■ WORK ORDER ■
The data should be written out in full, exactly as it stands, and the pictures dropped.

■ DATA PROVIDED ■
*-*-*
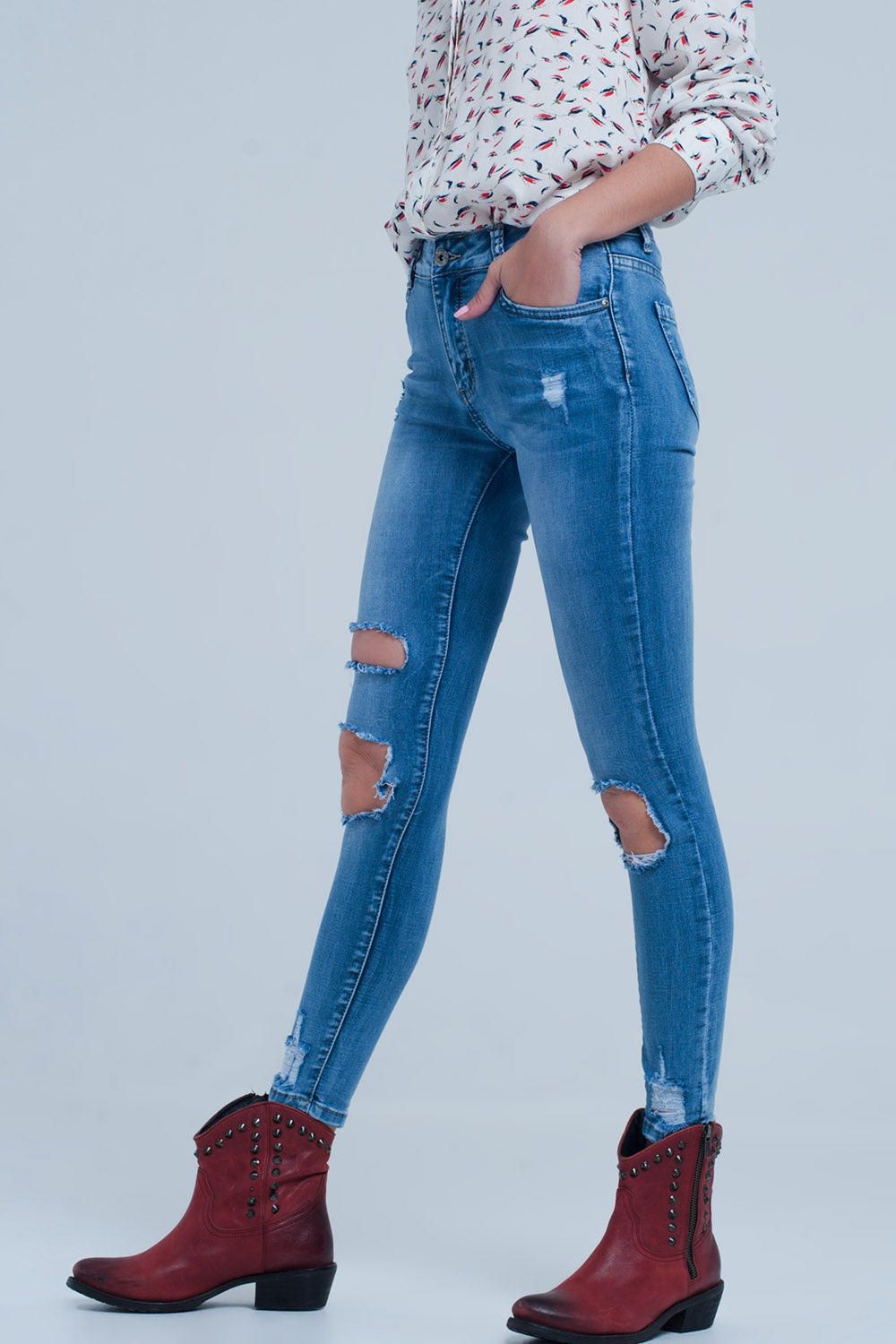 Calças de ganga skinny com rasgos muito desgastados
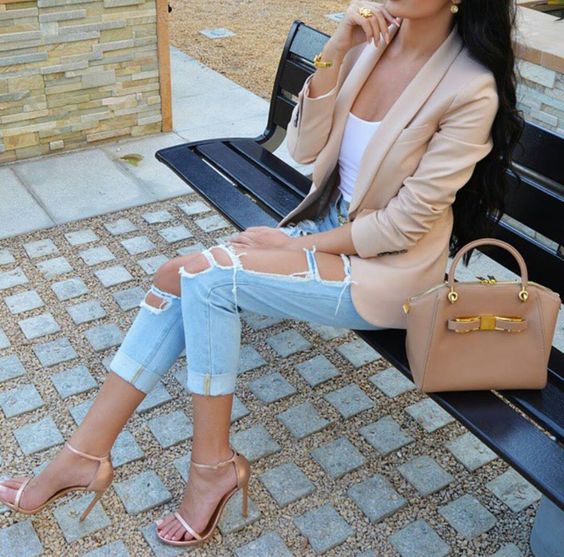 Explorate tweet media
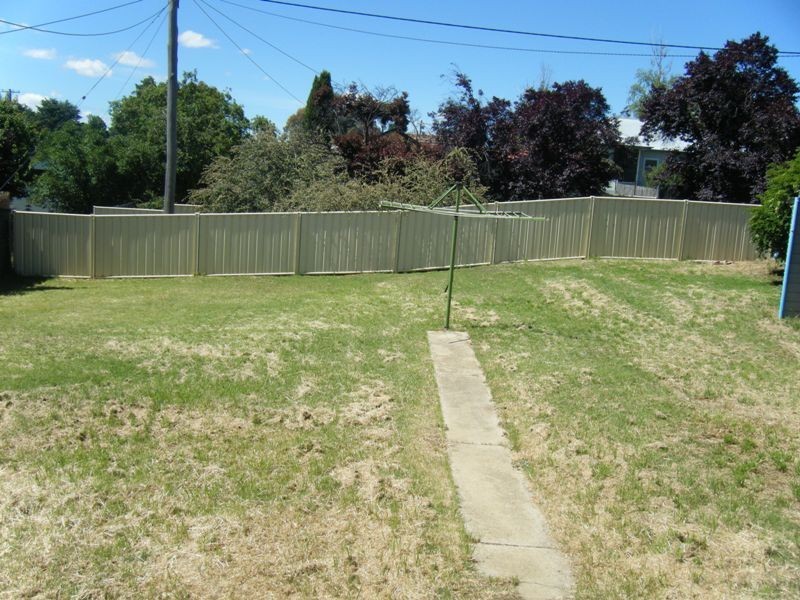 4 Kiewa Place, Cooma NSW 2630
*-*-*
■ TASK RESULT ■
 Calças de ganga skinny com rasgos muito desgastados
 Explorate tweet media
 4 Kiewa Place, Cooma NSW 2630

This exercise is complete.